MADRID — Spain inched out of its two-year recession with timid growth in the third quarter, the country’s central bank said on Wednesday, fuelling fragile hopes of a broader eurozone recovery.
News that the zone’s fourth-biggest economy may be on the mend followed signs that the bloc was heading out of its five-year crisis, but analysts warned the recovery was still slow and risk-bound.
After nine straight quarters of contraction in the second trough of a double-dip recession, the Spanish economy grew by 0.1 percent, the Bank of Spain said in a report.
The rate at which jobs were being destroyed in the recession, which has thrown millions out of work and driven up poverty, eased to its slowest rate since the start of the crisis in 2008, it added.
“In the third quarter, the Spanish economy extended the gradual improvement that it has been observing since the start of the year.”

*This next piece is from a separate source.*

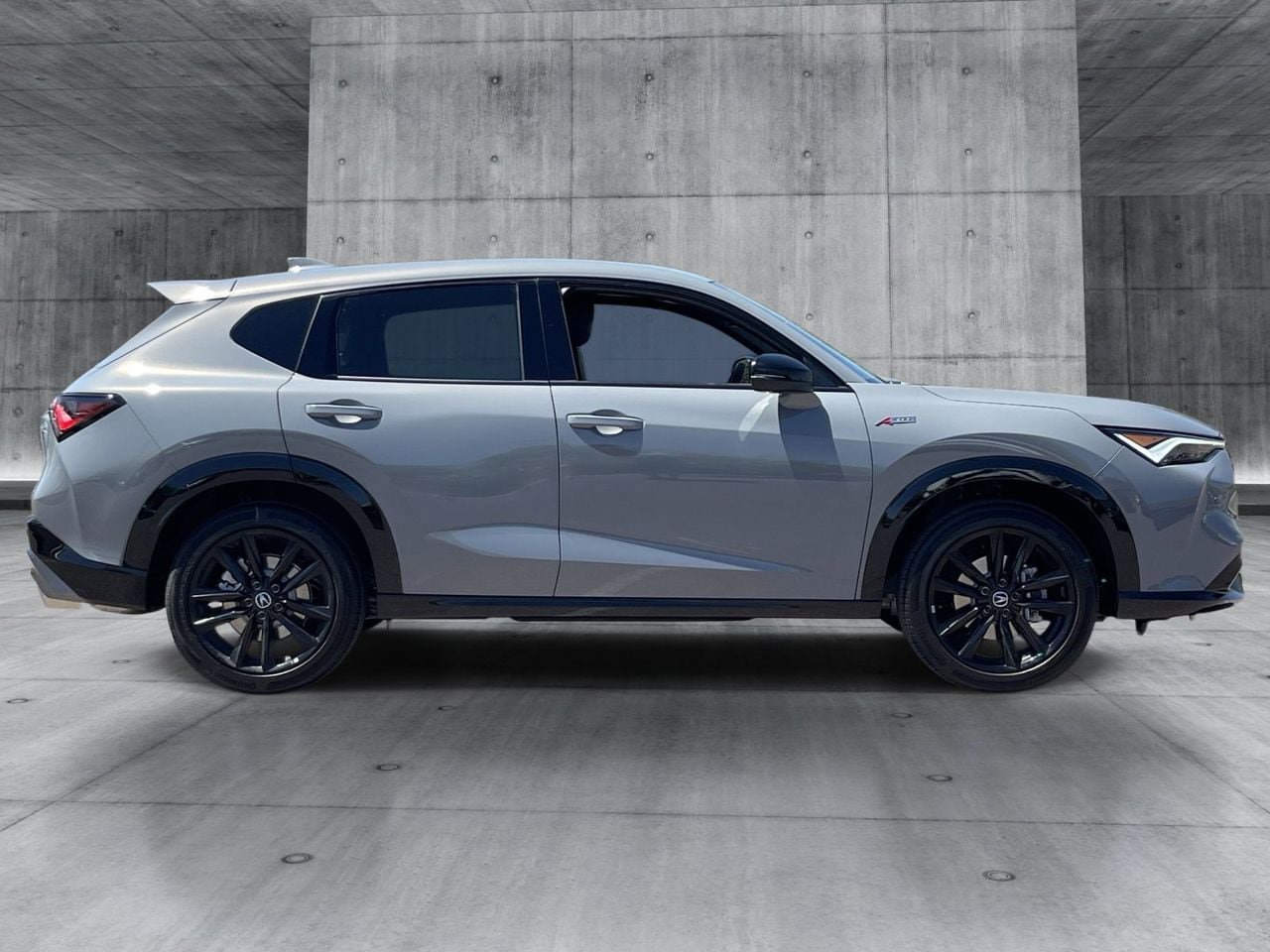 New 2026 Acura ADX A-Spec AWD/4WD image 7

The bank’s quarterly estimates are usually confirmed by the government’s official figures, due later this month.
The rate of destruction of jobs was 0.1 percent, “the least unfavorable rate since the start of the crisis” that erupted in 2008 with the collapse of a building boom, the bank said.

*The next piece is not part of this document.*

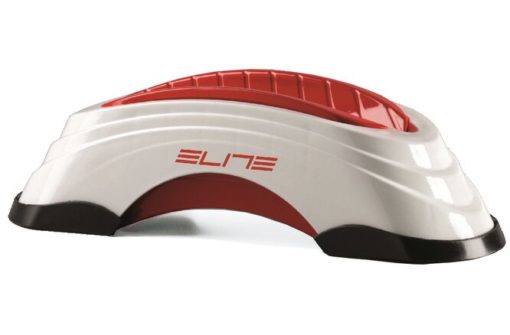 Elite Hometrainer Elevation roue avant Susta Block Gel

The jobless rate was a huge 26.3 percent in the second quarter, according to the government’s latest figure.
Separately the economy ministry said that Spain slashed its trade deficit in August by 42.5 percent to 1.8 million euros ($2.5 million).
The government has been trumpeting exports as one of the motors to drive the country out of its slump.

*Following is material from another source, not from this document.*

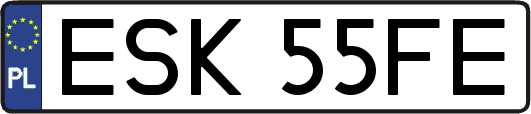 ESK55FE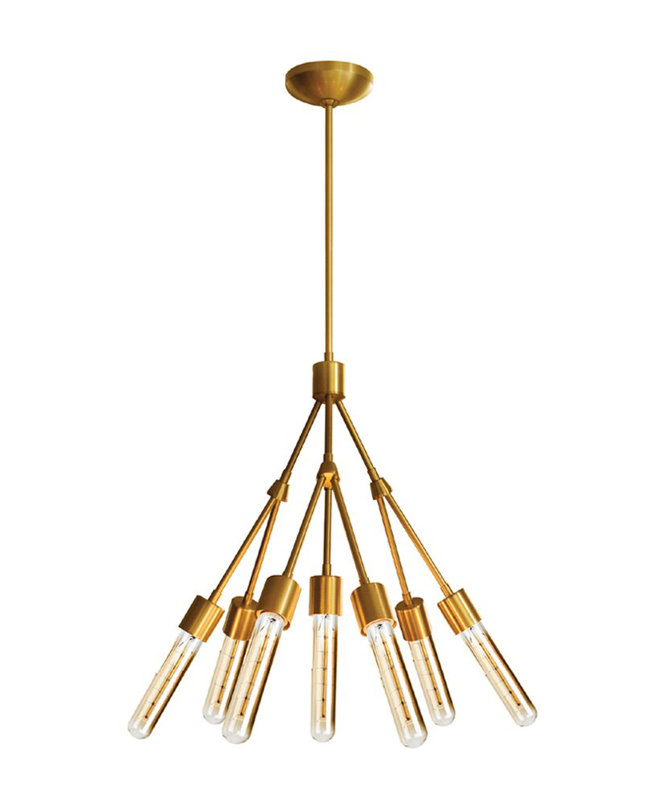 Stilt 7 - Light Pendant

“As the slide in domestic demand peters out, the ongoing surge in exports will drive growth” in Spain, wrote analyst Holger Schmieding of Berenberg bank.
The positive data from Spain — which was a focus of anxieties for the eurozone’s stability last year — reflected signs of recovery in European countries hit by the financial crisis, such as Greece, Ireland and Portugal.
Schmieding said this was thanks to the supportive action by the European Central Bank last year.
“The worst is over. One by one, the euro crisis countries are returning to growth after a savage adjustment recession,” the analyst wrote on Wednesday.
France, the eurozone’s second-biggest economy, has confirmed that it exited recession in the second quarter.
A recent estimate by statistics institutes in France, Germany and Italy forecast that the eurozone overall would return to timid growth of 0.1 percent in the third quarter.
Other analysts warned of tough challenges to the recovery, however, with banks still reluctant to lend.
Spanish unions and the political opposition say ordinary people will continue to suffer from unemployment and public spending cuts.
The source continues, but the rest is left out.